Ce projet de recherche démontre de manière significative, avec une approche rigoureuse et scientifique, les effets ou l’intérêt de l’ingénierie relationnelle dans des situations managériales identifiées.

La démarche mise en œuvre dans ce projet de recherche a permis d’observer les conséquences pour le manager d’une formation à l’ingénierie relationnelle, sans entrer dans le détail des outils et des techniques. Il a répondu à la question du « quoi » sans aborder celle du « comment », montrant à quoi sert l’ingénierie relationnelle mais sans aborder la façon dont cela fonctionne.

Un prochain projet de recherche visera plus spécifiquement l’étude concrète des techniques de l’ingénierie relationnel afin de démontrer non seulement leur intérêt mais d’entrer dans le détail des mécanismes à l’œuvre.

Projet conduit en 2025/2026 (en cours)

Ce projet consiste à faire dérouler un scénario de dialogues par deux panels de répondants : des personnes formées à l’ingénierie relationnelle d’une part, des personnes non formées d’autre part.

Le scénario, à la façon du « livre dont vous êtes le héros », permettra aux participants de cheminer dans un dialogue constitué d’une arborescence de répliques conduisant soit au conflit, soit à l’entente, de façon plus ou moins rapide selon les points de passage.

Pour le chercheur, les résultats accumulés permettront d’analyser la façon dont chaque groupe se positionne et sort par l’une ou l’autre voie des situations proposées.

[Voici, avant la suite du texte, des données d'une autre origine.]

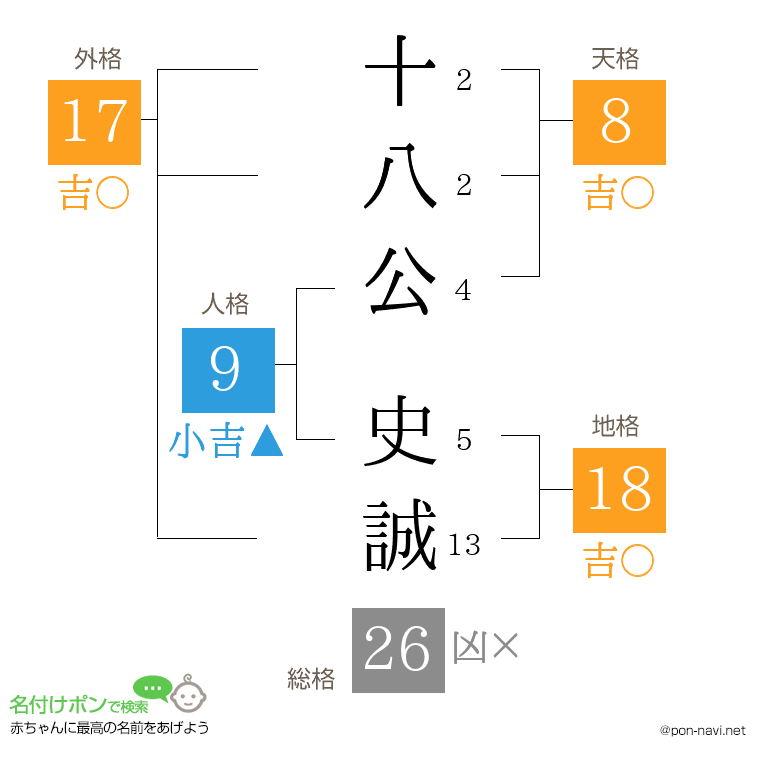 十八公 史誠さんの姓名判断結果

Les résultats seront disponibles en juin 2026.

Certification Exercer la fonction de “Référent QRP”​
Être identifié comme acteur de confiance en
Qualité des Relations Professionnelles

La certification Référent Qualité des Relations Professionnelle requiert une forte implication dans la formation, car l’ingénierie relationnelle bouscule des repères et habitudes de pensée. Elle s’accompagne d’un changement dans la façon de se représenter les personnes et les relations.

Après avoir réalisé et validé leur parcours de formation « Les Gammes », les participants seront invités à passer devant le jury de certification. Chacun devra alors mettre en œuvre les techniques acquises en formation, dans des situations proposées par le jury.

Les principales compétences attestées :

  • Désamorcer les dynamiques conflictuelles ou à risque ;
  • Faciliter les processus décisionnels dans les collectifs de travail ;
  • Sécuriser les relations dans les situations de changement et d’incertitude ;
  • Accompagner des personnes qui rencontrent des difficultés relationnelles.

Le parcours de formation ouvre sur la certification « Exercer la fonction de Référent Qualité des Relations Professionnelles » enregistrée au Répertoire Spécifique de France Compétences sous la référence RS6947.